Des performances « supérieures ou égales » à la moyenne
La Ferme de Beauce possède un élevage de type naisseur-finisseur de 400 truies. Elle possède également 10 verrats répartis entre trois races pures (Yorkshire, Landrace et Duroc) à la ferme, en plus d’avoir accès à la semence de dix autres au Centre d’insémination porcine du Québec.
Le couple estime avoir une génétique qui offre des performances « égales ou supérieures » à la moyenne des résultats des autres éleveurs indépendants en Ontario. « Nos porcelets en engraissement ont de très bonnes performances en pouponnière, ce qui leur donne une bonne erre d’aller en engraissement », estime M. Dutil. « Ça s’explique par notre sélection.
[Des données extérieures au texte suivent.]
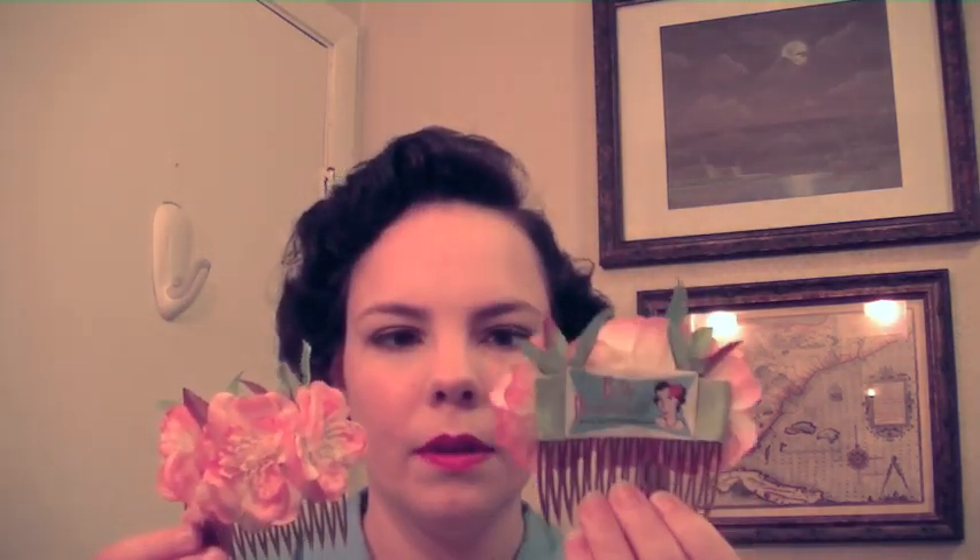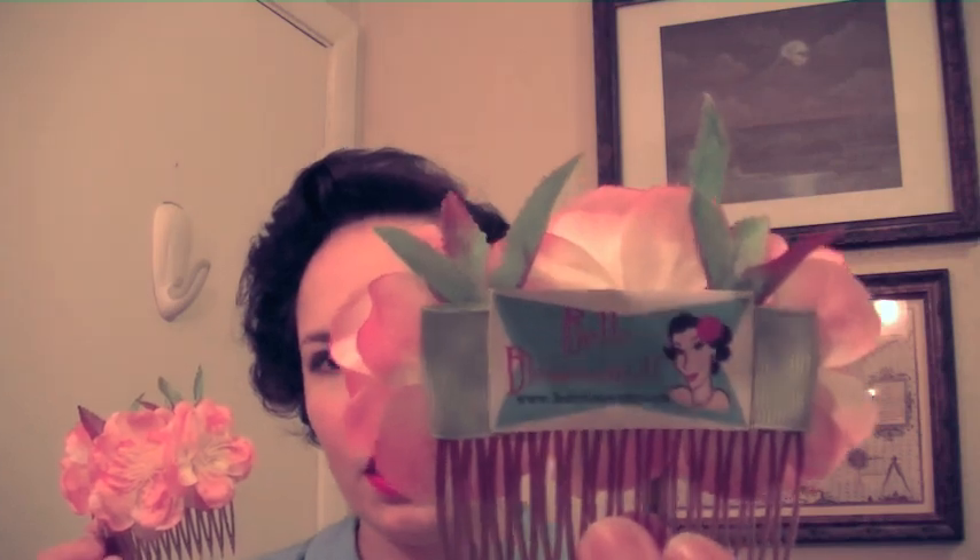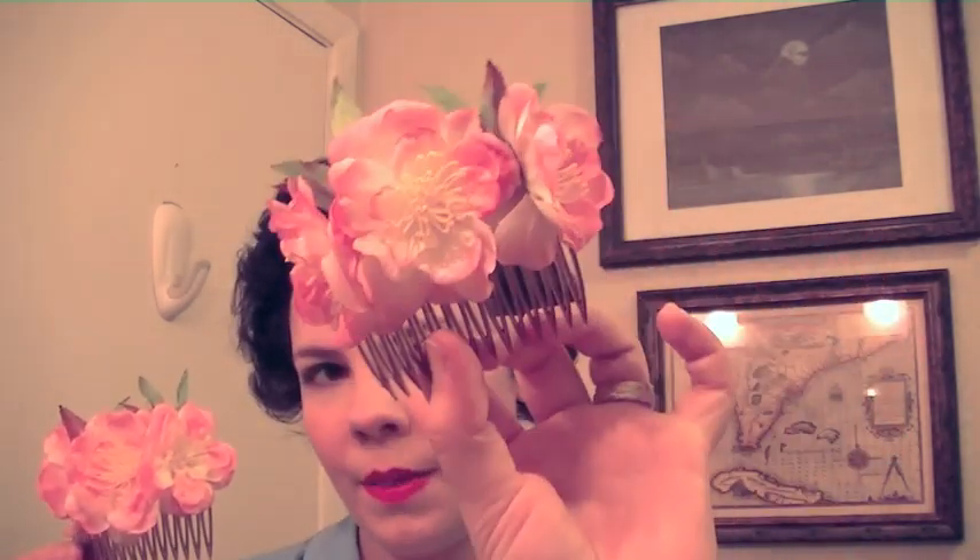Belle Blossom actually carries these and they use them to make their flowered hair clips. I tried them out and got one set of plain ones — they sell them in clear, a tortoise shell shade, and black. I also got these cherry blossom hair clip combs, which are the little Belle Blossoms on the Grip Tooth combs.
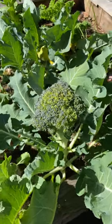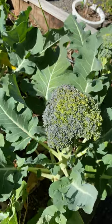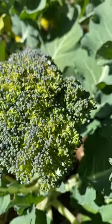In this video I'm going to be showing you guys how to harvest broccoli heads. A good way to tell that a broccoli is ready is if you look closely — all the little tops are starting to separate from one another and they're not so tight.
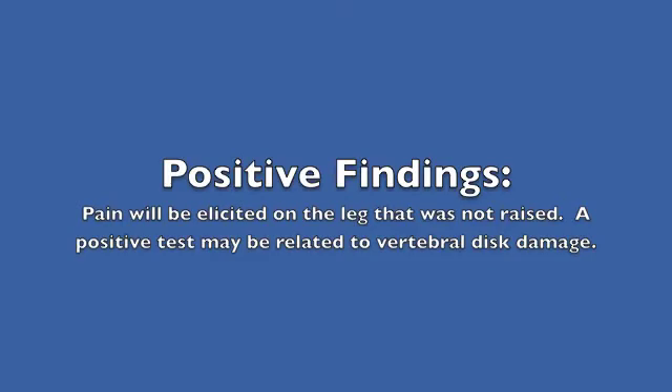Positive findings: pain will be elicited on the leg that was not raised. A positive test may be related to vertebral disc damage.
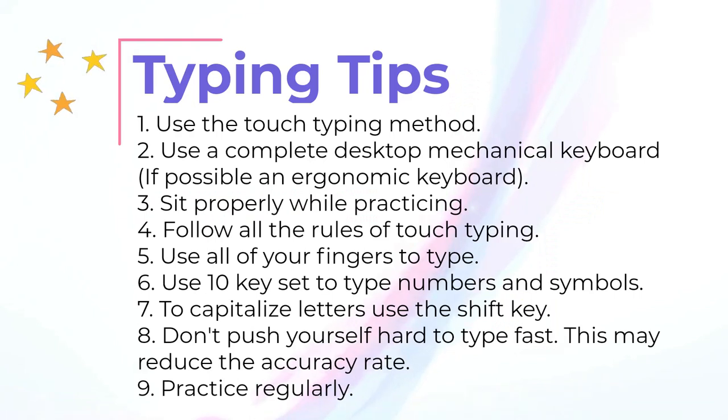Now some tips to enhance your typing skills: Use the touch typing method. Use a complete desktop mechanical keyboard, and if possible an ergonomic keyboard. Sit properly while practicing. Follow all the rules of touch typing. Use all of your fingers to type. Use the 10-key numpad to type numbers and symbols. To capitalize letters, use the Shift key and not the Caps Lock key. Don't push yourself hard to type fast, as this may reduce your accuracy rate. Finally, practice regularly.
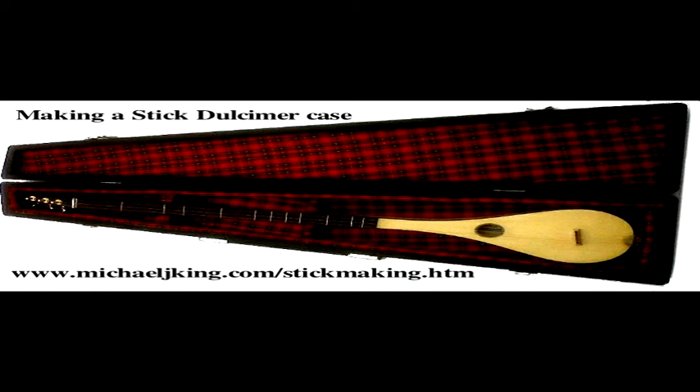If you go to my website at www.michaeljking.com/stickmaking.htm and scroll down to the bottom, you'll find a free file to download. You just need to put your name and email address and the file will be sent to you.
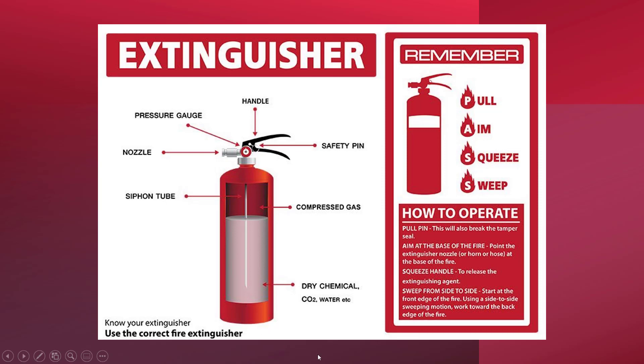Let's go over the basic firefighting procedure once again: Pull, Aim, Squeeze, and Sweep. Step 1: Pull the safety pin — this will also break the tamper seal. Step 2: Aim the nozzle at the base of the fire. Step 3: Squeeze the handle to release the extinguishing agent. Step 4: Sweep from side to side, starting at the front edge of the fire using a side-to-side sweeping motion, working towards the back edge of the fire.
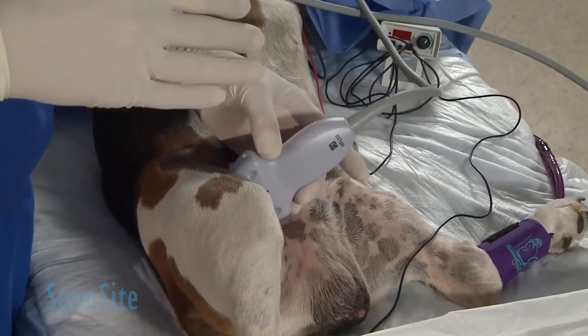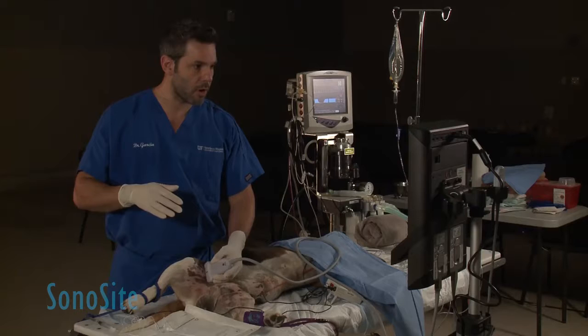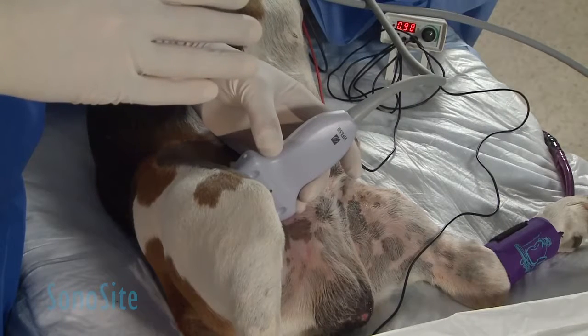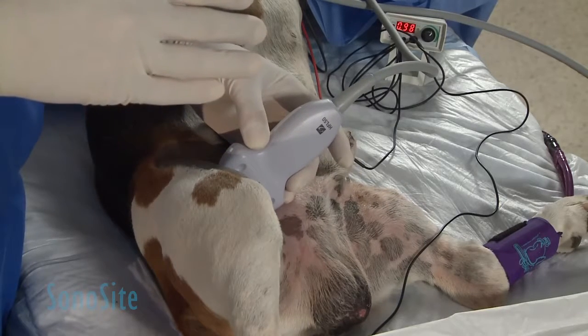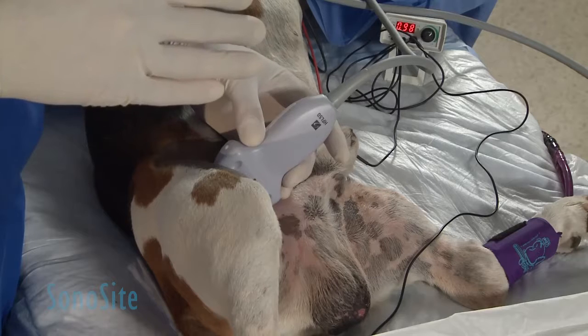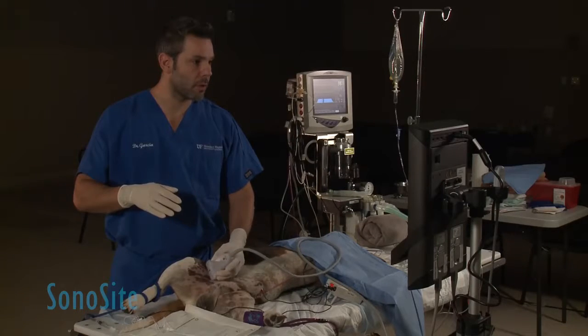I'm going to locate the artery and vein — you can tell if I push a little harder on my probe, I can collapse my vein and identify which one is the vein and which is the artery. Then I'm going to keep coming proximally to the limb.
On a travaillé le maternel [le nombre de porcelets à la naissance], mais on a aussi gardé une bonne importance pour le paternel [la croissance en engraissement] », précise Mme Poulin.
L’analyse des performances de leurs sujets pur-sang selon le rendement, l’âge, les muscles et le poids est effectuée par le Centre de développement du porc du Québec, qui envoie les chiffres au Centre canadien d’amélioration des porcs pour analyse. La Ferme de Beauce, qui paie les frais reliés à ces procédures, peut ensuite sélectionner ses meilleurs sujets en fonction des traits recherchés pour améliorer sa génétique.